Token Caching

Last updated: March 23, 2026

Cache read tokens cost about a tenth of fresh input. That changes the economics.


Pi uses provider-native caching, not a custom layer, via cache_control blocks on the system prompt and last user message. Four token categories get tracked: input, output, cacheRead, cacheWrite. In multi-turn sessions, 50-90% of input tokens can come from cache. The cost difference is real.

One small detail with big impact: the system prompt includes only the date, not the time. If the prompt included a timestamp that changed every minute, the cache would invalidate constantly. Date-only means the cache holds across reloads within a day. The kind of optimization you only think about after watching your cache hit rate and wondering why it's low.

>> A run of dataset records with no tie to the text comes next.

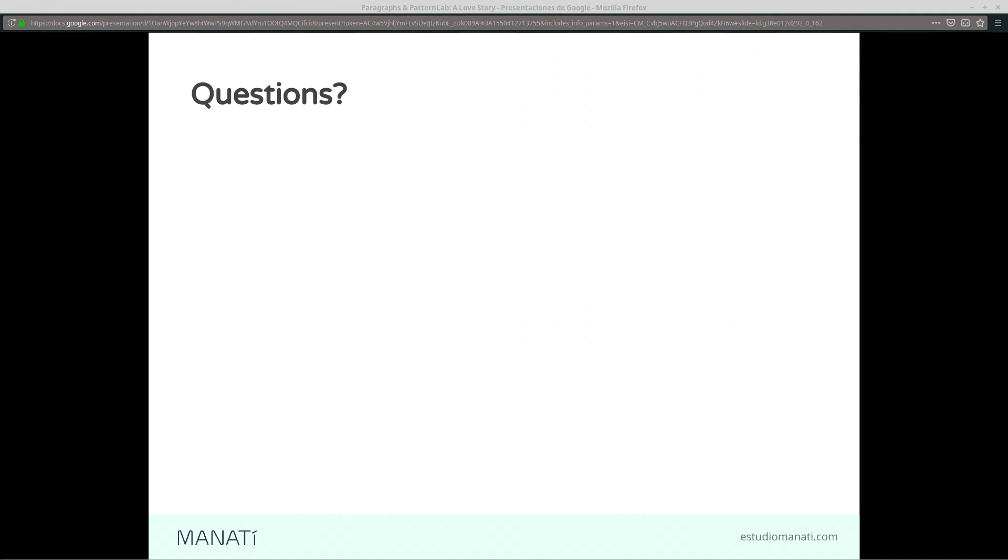Do you have any questions? Thank you very much for coming, it's been a pleasure.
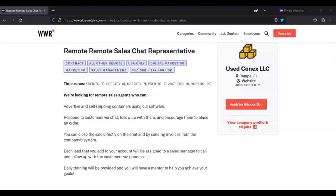Each lead that you add to your account will be assigned to a sales manager to call and follow up with the customer's via phone calls, and daily training will be provided and you will have a mentor to help you achieve your goals.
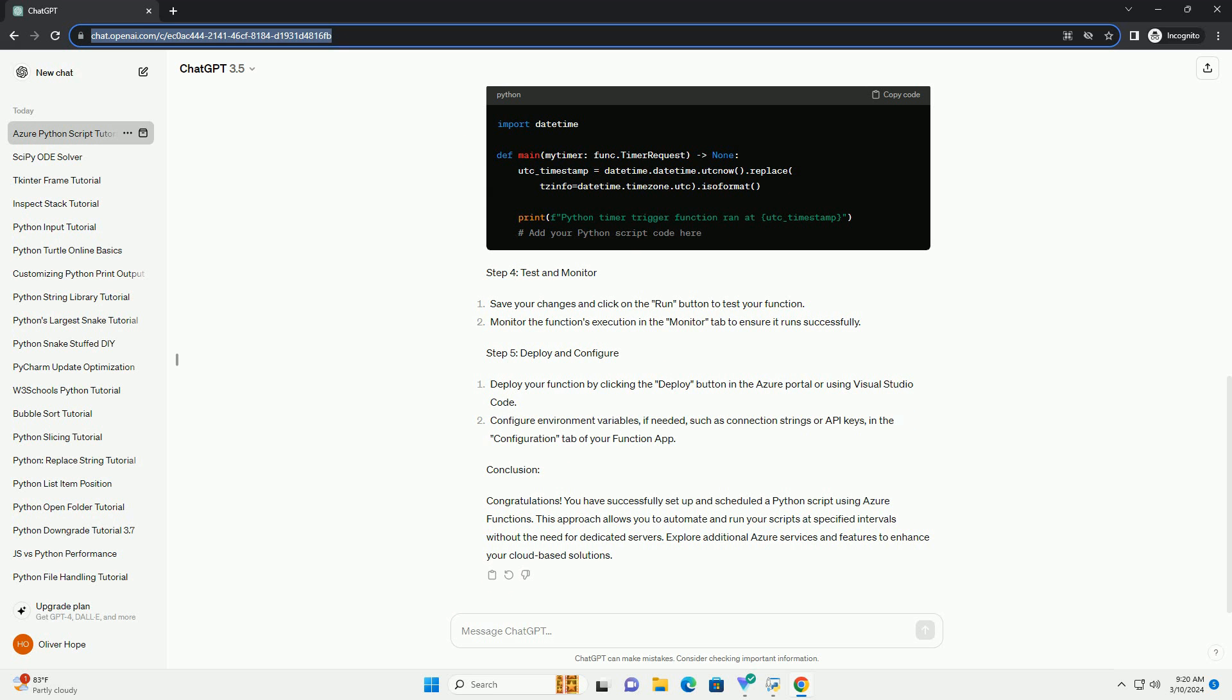Conclusion: Congratulations! You have successfully set up and scheduled a Python script using Azure Functions. This approach allows you to automate and run your scripts at specified intervals without the need for dedicated servers. Explore additional Azure services and features to enhance your cloud-based solutions.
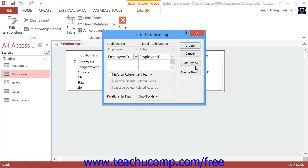You can actually click and drag from either one of the fields onto the other. However, make sure that you pay attention to which two fields you are joining. You can join any two fields that have the same data type, so make sure you don't accidentally join two fields that you did not mean to join.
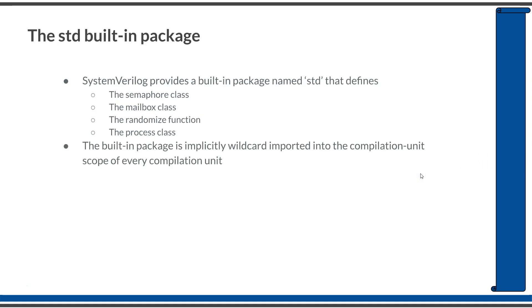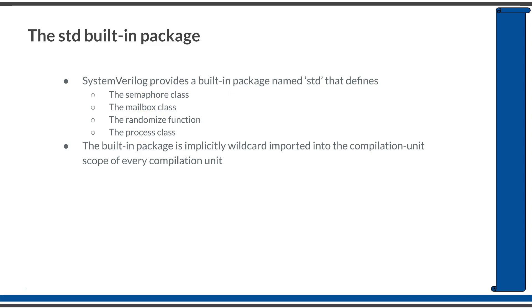Before wrapping up, understand that there is a built-in package in SystemVerilog named std. The std package provides a lot of built-in code ready to use in your code, such as the semaphore class, mailbox class, randomize function, and process class. While learning semaphore, you learned that semaphore is a built-in class defined in the standard std package. This std package is implicitly wildcard imported into the compilation scope - you don't need to explicitly specify import std; it is implicitly available.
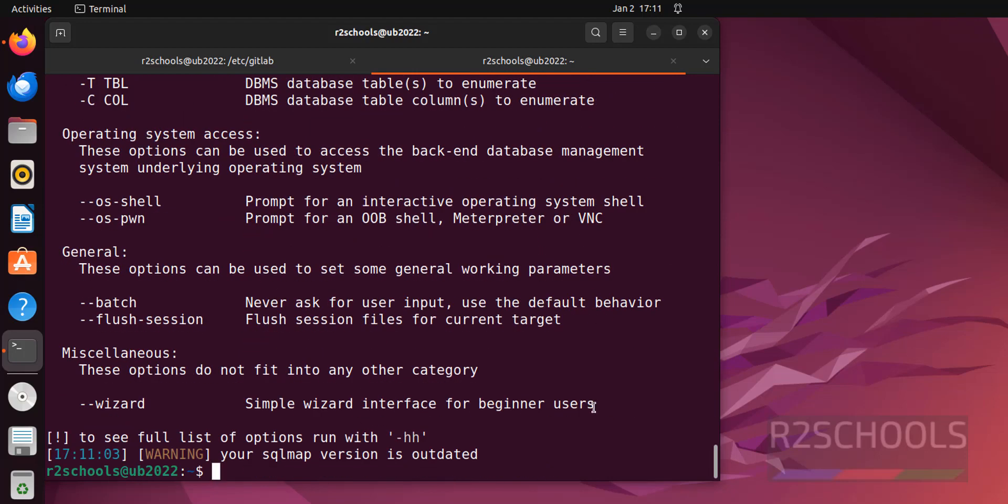So, in this video we have seen how to install SQL map on Ubuntu 22.04 LTS version. For more Linux, pen testing, or cyber security or hacking videos, please subscribe my channel. Thank you.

Provider TTLs vary: 5 minutes (Anthropic), 1 hour (OpenAI), 24 hours (self-hosted). The Anthropic TTL is tight. A 5-minute pause between prompts and you're paying full price again. This matters for the model tier decision: an Opus session with good cache hits might cost less than you'd expect, but only if you're actively working. Walk away for coffee and the cache is gone.


Something I want to try: cache-aware forking. Read a 10,000-token codebase once (cached), then branch into three parallel investigations that all reuse the cached context. Each branch pays only for its unique input, not the shared base. Coordination and caching overlap here. Multi-agent work gets cheaper when agents share a cached context foundation.


Model tiers decide which model you use. Caching decides how much of the context you pay for twice. They're the two cost levers. Tiers are the coarse knob, 55x variance between lite and oracle. Caching is the fine knob. 10x variance between cached and uncached reads within the same tier. Together they explain why the actual spend is so much lower than the raw token math would suggest.